| What the task requires |
Set the whole listing down again, word for word, with no pictures.

| Given data |
========================================

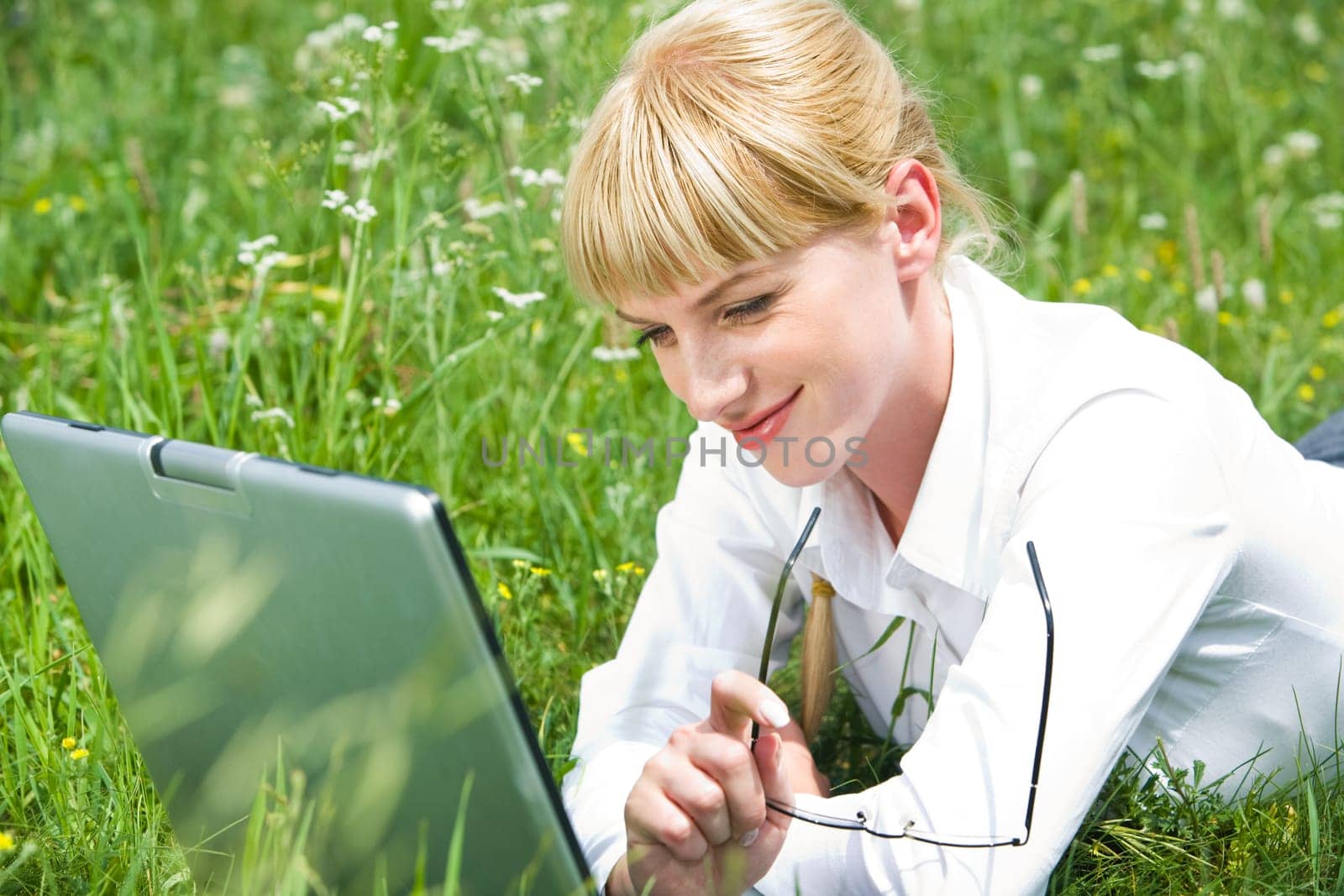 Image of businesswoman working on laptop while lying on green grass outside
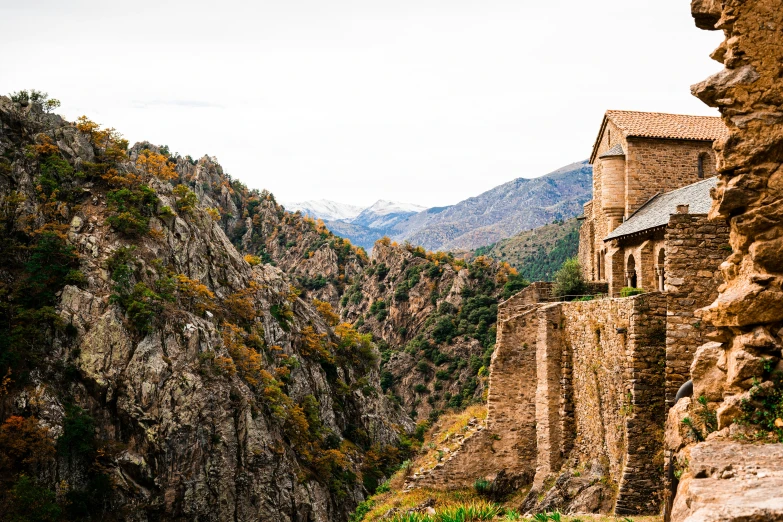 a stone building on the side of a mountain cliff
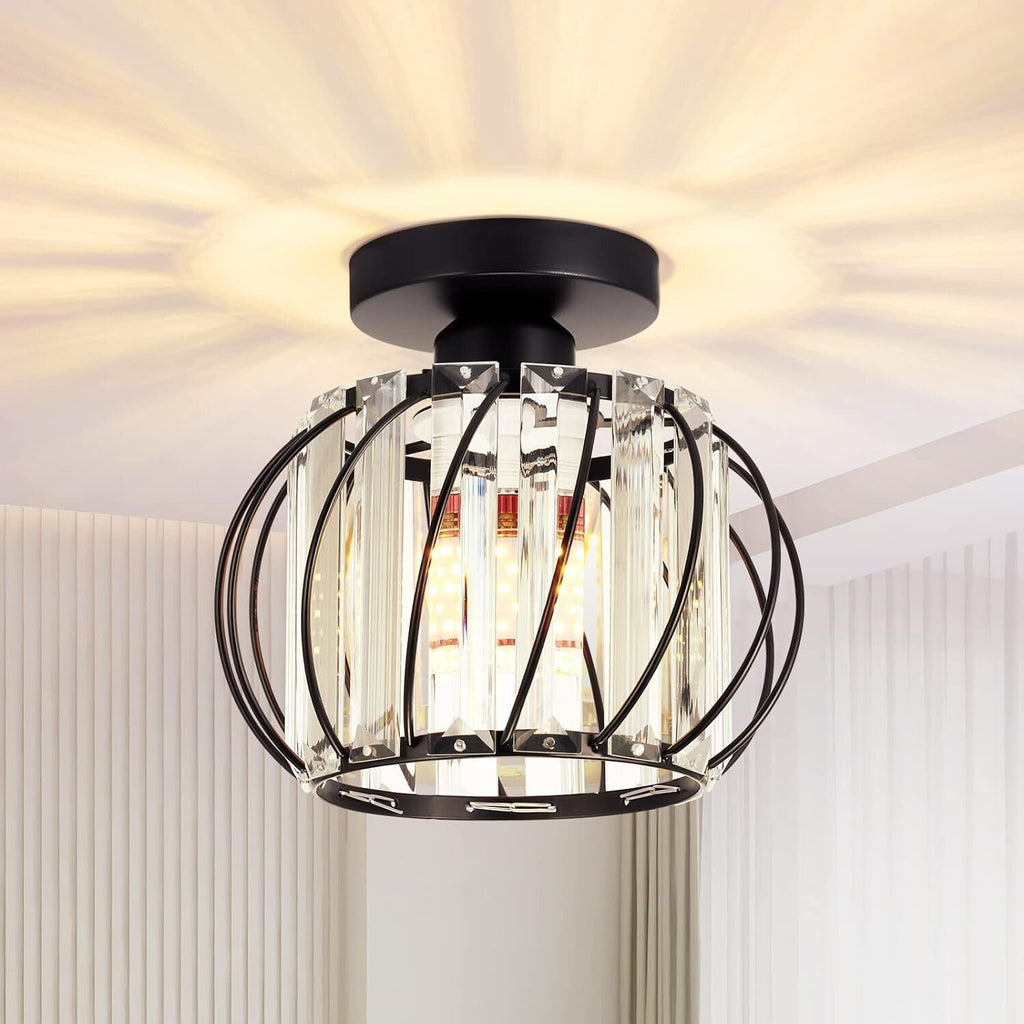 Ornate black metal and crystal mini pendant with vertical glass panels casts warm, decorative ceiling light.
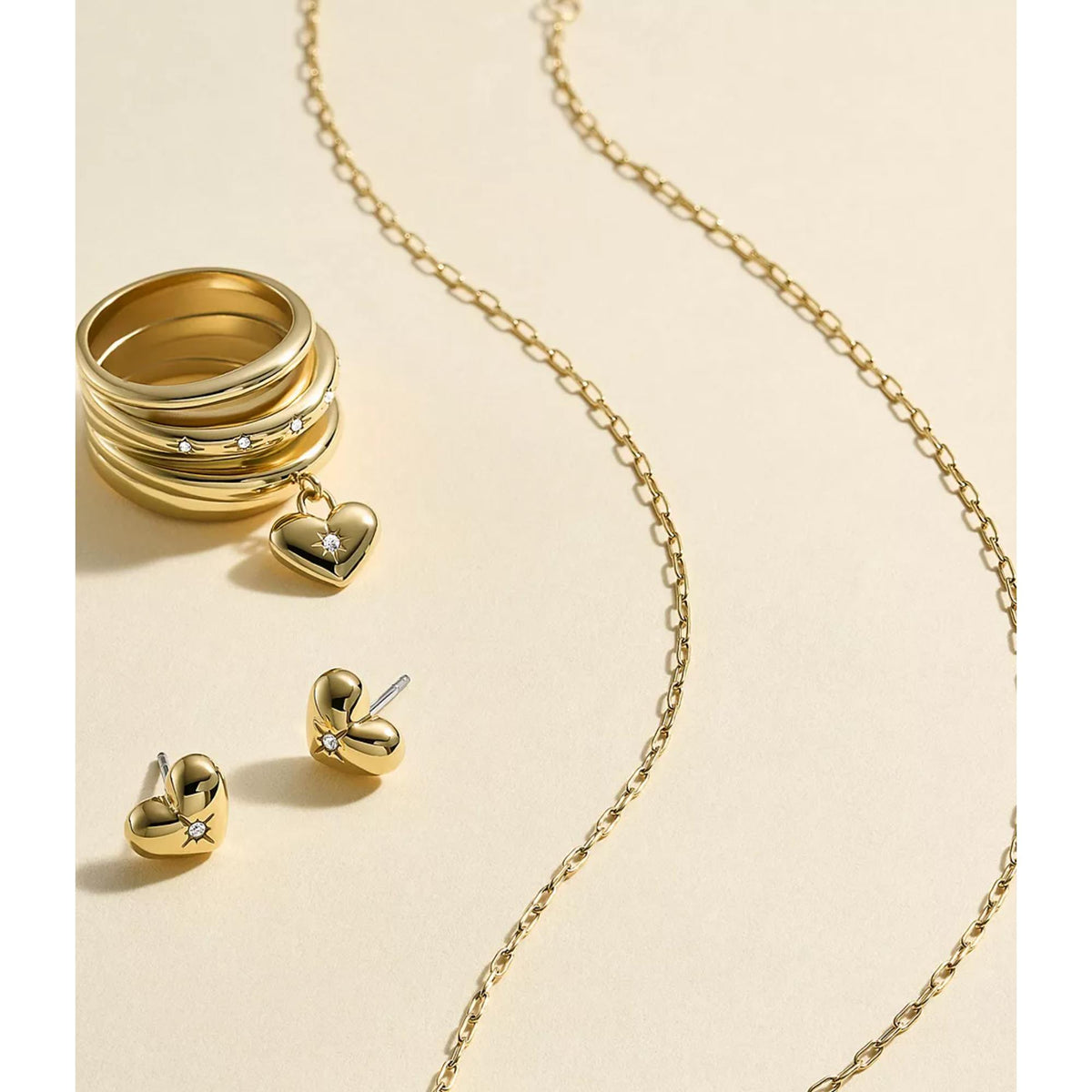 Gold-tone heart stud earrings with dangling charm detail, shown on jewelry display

========================================

| Problem solution |
 Image of businesswoman working on laptop while lying on green grass outside
 a stone building on the side of a mountain cliff
 Ornate black metal and crystal mini pendant with vertical glass panels casts warm, decorative ceiling light.
 Gold-tone heart stud earrings with dangling charm detail, shown on jewelry display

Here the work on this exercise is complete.